The formula used to arrive at this increase was contained in data presented in
a report to DNR by an independent consultant, but analysis of this data was not
completed. Two examples of the problems in this study:
- Gas tax revenue is taken from approximately 275,000 ordinary riders for
the benefit of the 10,000 ATV club members. The 275,000 ATV owners who
do not ride on public lands should not be counted in the gas tax formula.
Their riding has no relationship to riders who use public lands.
- The 275,000 ATV owners who do not ride on public land, often do ride in
road-side ditches where they do enormous damage. Transportation budgets
at the township, county, and state level are being eroded because ditches must
be repaired over and over, again. The gas taxes that these ATV riders
pay should go into the Highway Trust Fund to help state and local governments
pay for the necessary repair to these ditches and the roads the ATVs cross.
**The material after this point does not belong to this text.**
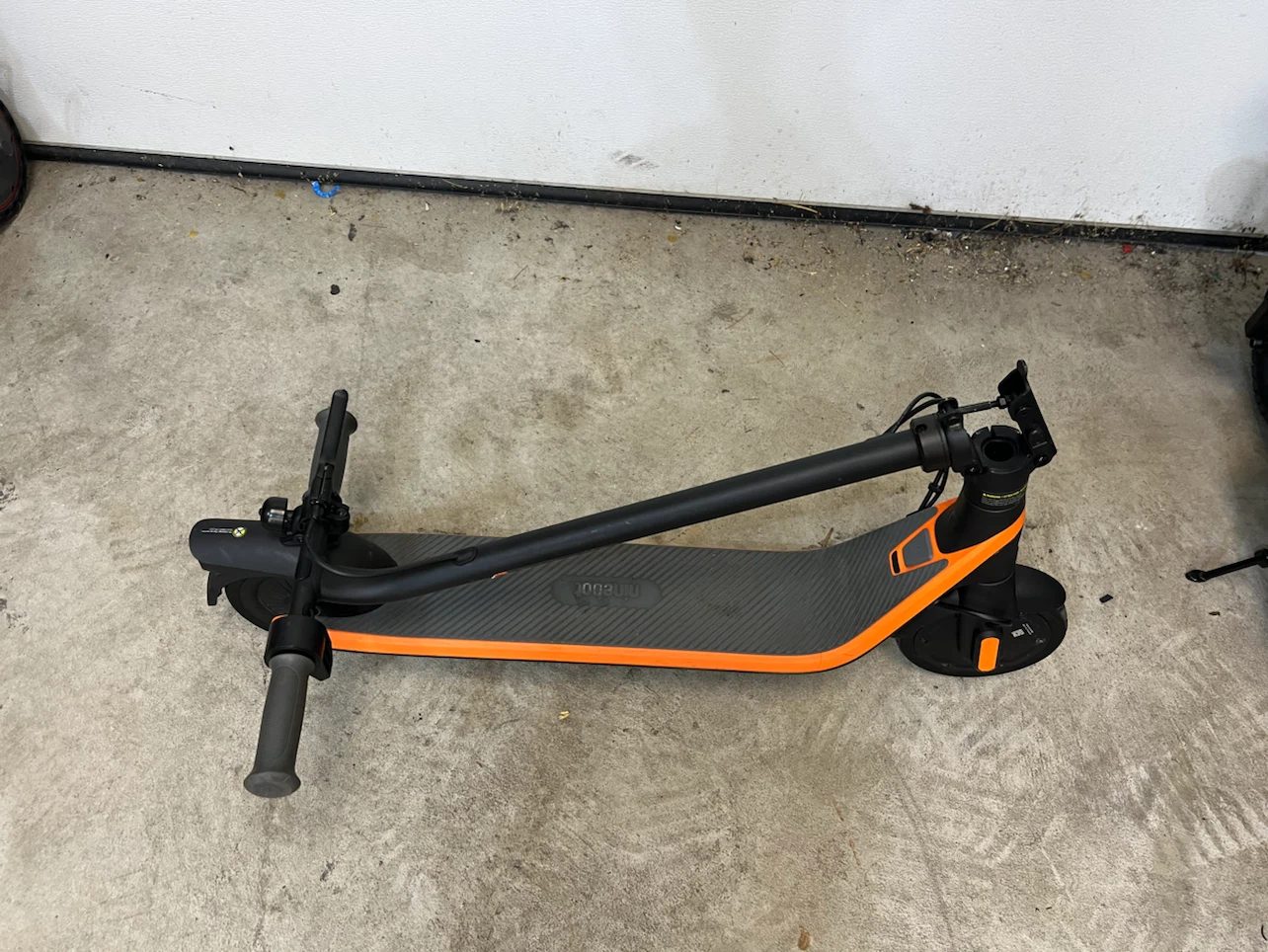 Ninebot Electric Scooter - photo 4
In addition, the program that receives funding from the gas tax, the Grant-In-Aid
program, is fraught with controversy, as highlighted by the Legislative Auditor's
2003 Report:
State-Funded Trails for Motorized Recreation. The DNR gives monies to
localities, which then disperse those funds to ATV clubs. "DNR reports illegal
state forest trails" in the
Star Tribune
on March 19, 2006 stated that DNR oversight had not improved. Nothing since
indicates progress on this front.
LWVMN is a good government group and good government begins with fiscal responsibility.
We are facing a large budget deficit; our highways are many years and billions of
dollars behind in maintenance and construction. This is not the time to increase
funding for any recreational group at the expense of our highway funds.